Subagents
Child agent sessions that handle complex, multi-step tasks autonomously using preconfigs.
The task tool lets agents spawn child sessions to handle complex, multi-step tasks autonomously. Each child runs its own conversation using a preconfig that defines its system prompt, tools, model, and behavior.
How it works
When the LLM calls the task tool, the server resolves subagent_type to a preconfig from ~/.jean2/preconfigs/. A new child session is created with its own conversation history, linked to the parent via parentId.
The child session runs using the preconfig's system prompt, tools, and model. Only the last text part of the child's response is returned to the parent, along with a task_id for potential resumption.
The LLM can launch multiple subagents concurrently to maximize performance.
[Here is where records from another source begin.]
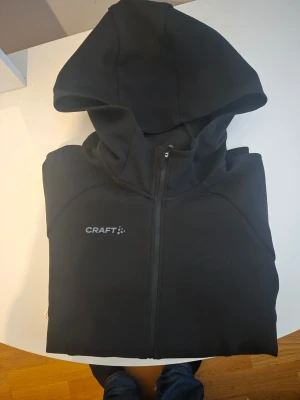 Svart hoodie med dragkedja från Craft - Snygg svart hoodie från Craft med hel dragkedja framtill och huva. Tröjan har diskret Craft-logga på bröstet och två fickor med dragkedja. Perfekt för chill eller träning. Materialet känns mjukt och sportigt.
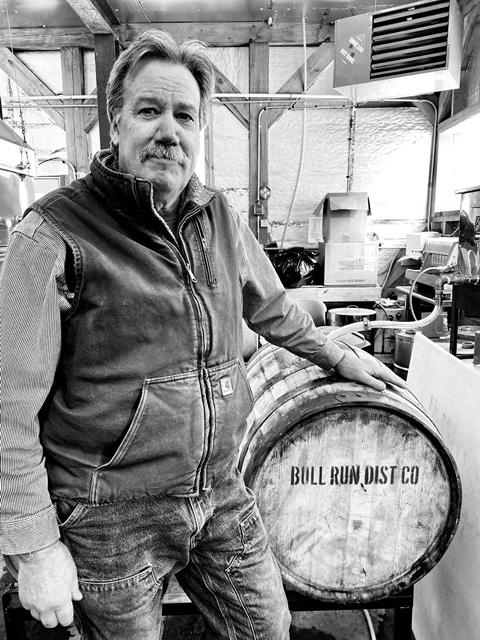 Man standing in workshop beside a large wooden barrel.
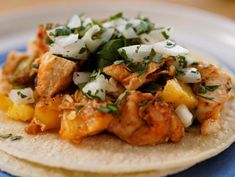 a tortilla topped with chicken and pineapple salsa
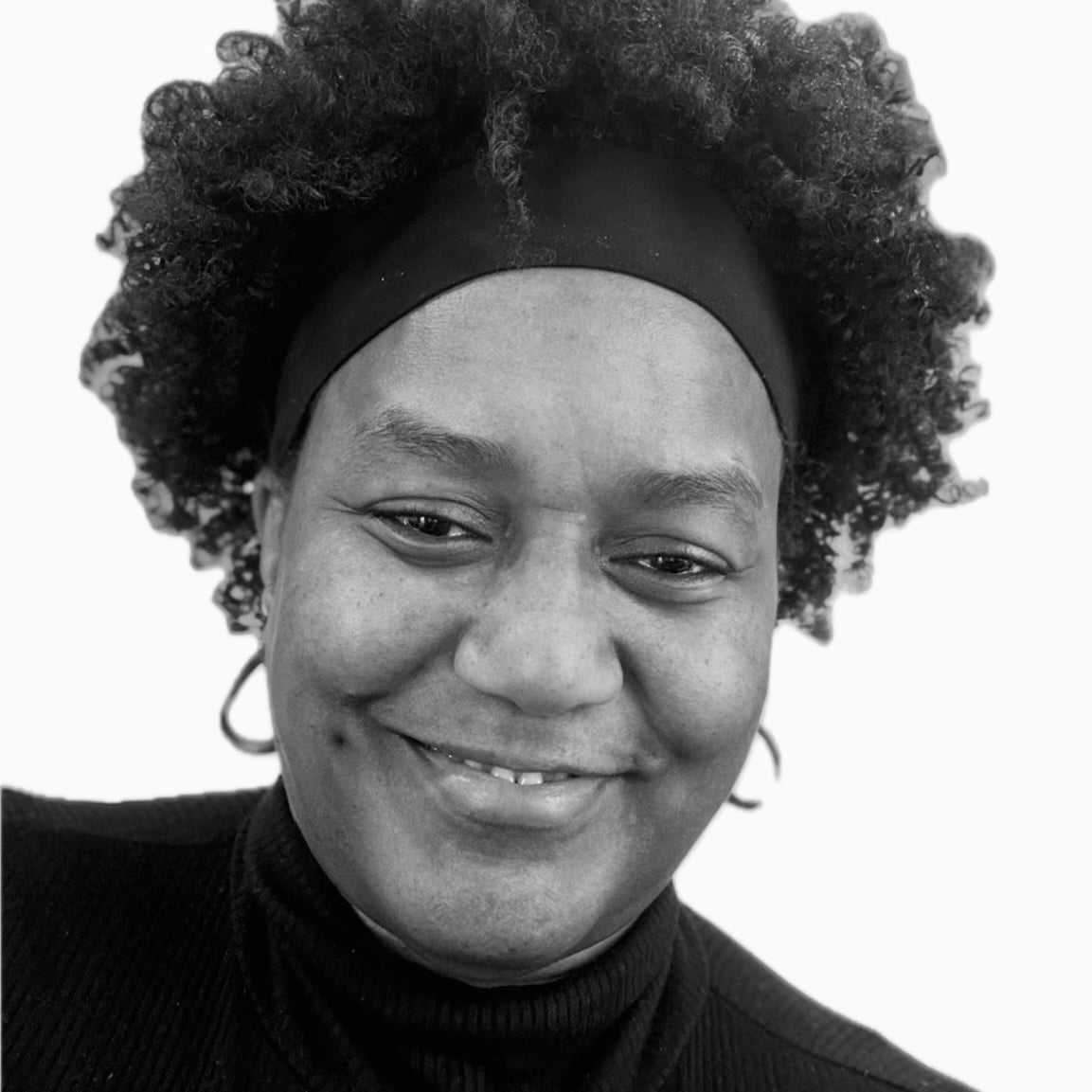 Portrait of Darlise, a professional stylist at The Robert Andrew Salon & Spa Collection, showcasing their expertise and style.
Each subagent starts with fresh context unless you provide a task_id to resume a previous session.
Parameters
| Parameter | Required | Description |
|---|---|---|
description | Yes | Short 3-5 word description of the task |
prompt | Yes | Detailed task description specifying exactly what the agent should return |
subagent_type | Yes | Preconfig ID to use (must have mode: 'subagent' or mode: 'both') |
task_id | No | Resume a previous child session by its ID |
Preconfig modes
Preconfigs have a mode field that controls where they appear.
| Mode | Available as primary agent | Available as subagent |
|---|---|---|
primary (default) | Yes | No |
subagent | No | Yes |
both | Yes | Yes |
Only preconfigs with mode: 'subagent' or mode: 'both' are listed as available subagent types.
Subagent depth limit
Max depth is 2 levels. Primary session (depth 0) can spawn children. Children (depth 1) can spawn grandchildren. Grandchildren (depth 2) cannot spawn further.
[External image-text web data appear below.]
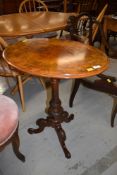 A beautiful Victorian burr walnut occasional oval pedestal table on carved column and triple splay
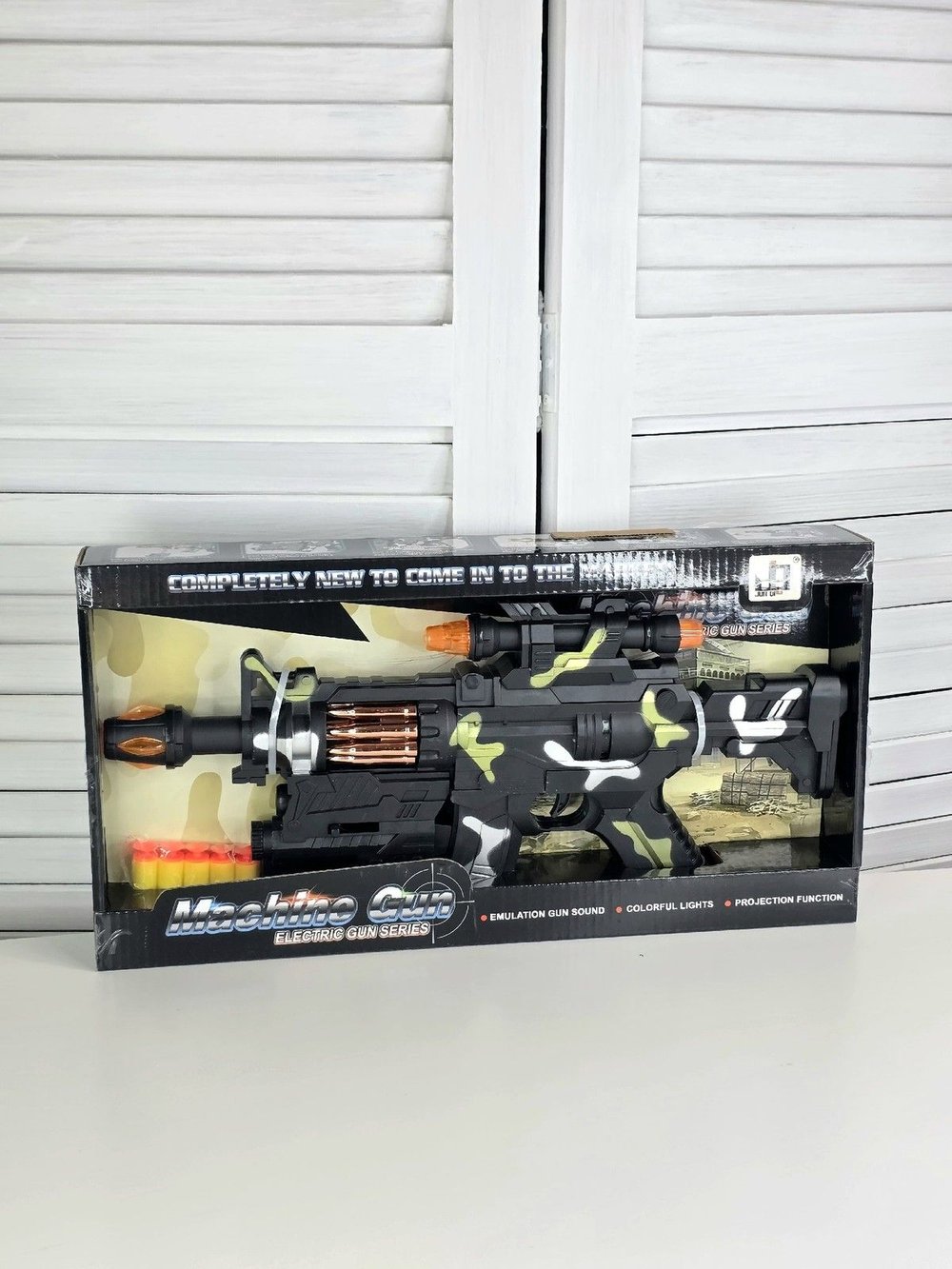 Автомат с лазерным прицелом свет/звук/мягкие пули в коробке (200346852)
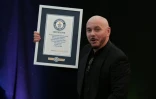 Le rappeur américain Pitbull pose avec son diplôme du Guinness des records grâce à un rassemblement de 22.141 fans portant de faux crânes chauves, le 10 juillet 2026 à Londres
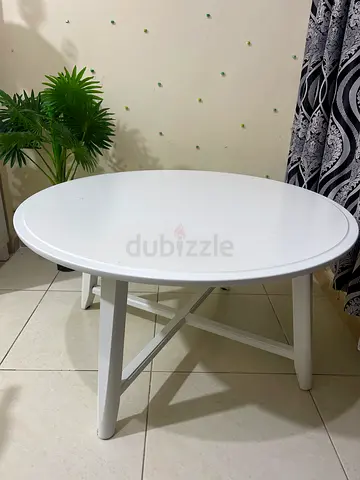Round white wooden side table - simple design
This limit will be configurable through an
.envvariable in a future update.
This prevents runaway recursion. A common pitfall is using an exploration-type subagent as a middleman that spawns further subagents. This just adds latency and burns context on information passing with no real benefit.
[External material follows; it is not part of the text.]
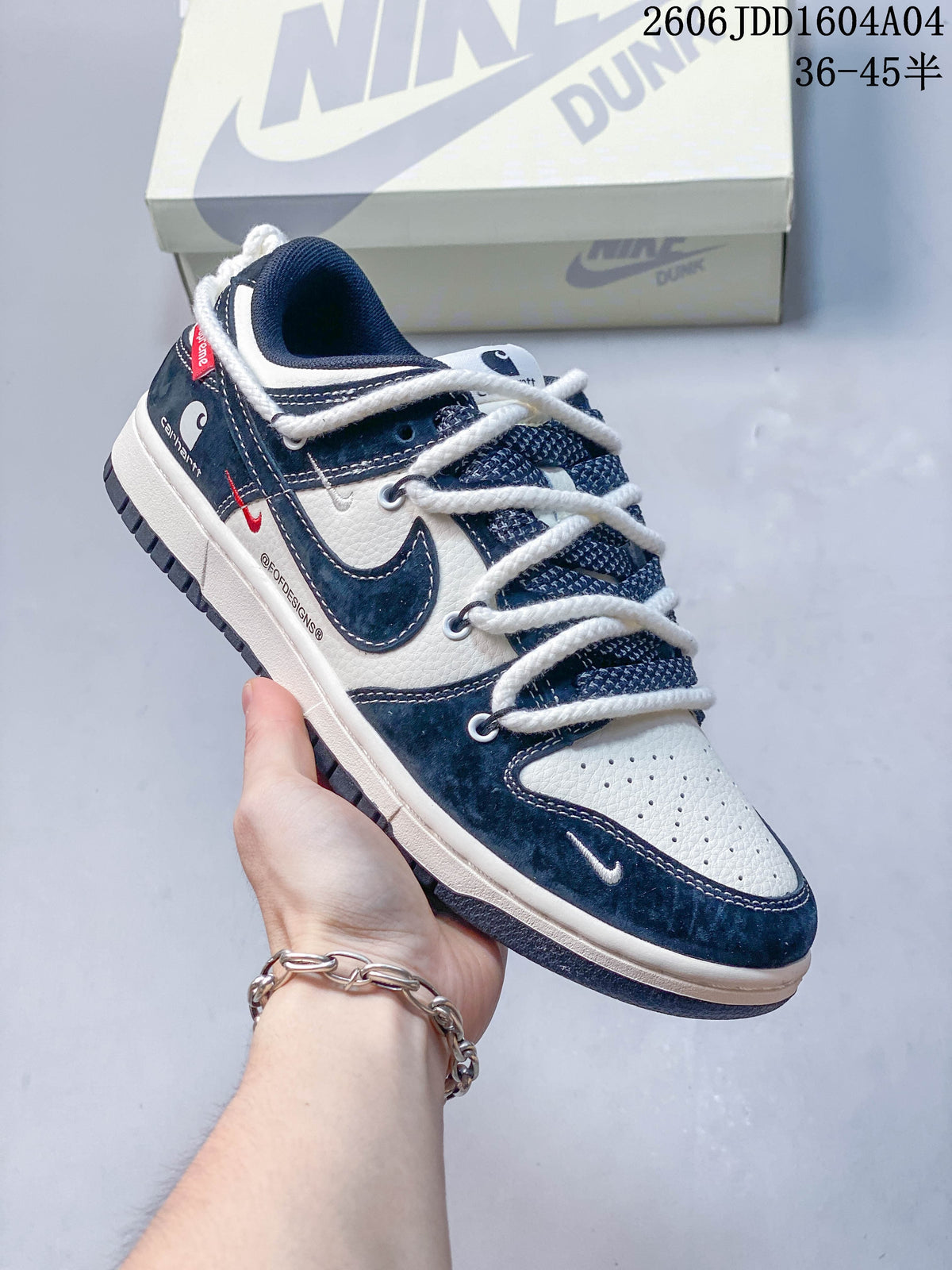 Navy and cream low-top sneaker with thick white laces, shown beside a Nike Dunk box.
When to use nested subagents:
The child agent has a genuinely different role than the grandchild (e.g., a code reviewer spawning a test runner).
Each level adds clear, distinct value that the parent couldn't do itself. The task is inherently hierarchical. A manager delegating to specialists.
When NOT to nest:
Passing information between agents that could have been one session. An exploration/research agent that just relays its findings to another agent.
Any pattern where a subagent's main job is calling another subagent and returning its result.
Model inheritance
If the subagent's preconfig doesn't specify a model or provider, it inherits from the parent session. Define a subagent preconfig with just a system prompt and tools, and it will automatically use the same model the parent is running on.
Key behaviors
Parent abort propagates. If the parent session is interrupted, child sessions are marked as interrupted.
Independent permissions. Child sessions have their own permission request handler, so tool approvals are handled separately.
Retry. Child sessions automatically retry on transient API errors (rate limits, server errors).
Real sessions. Child sessions appear in the client and their messages are stored normally.
Resumption. Pass task_id to continue a previous child session with its full conversation history.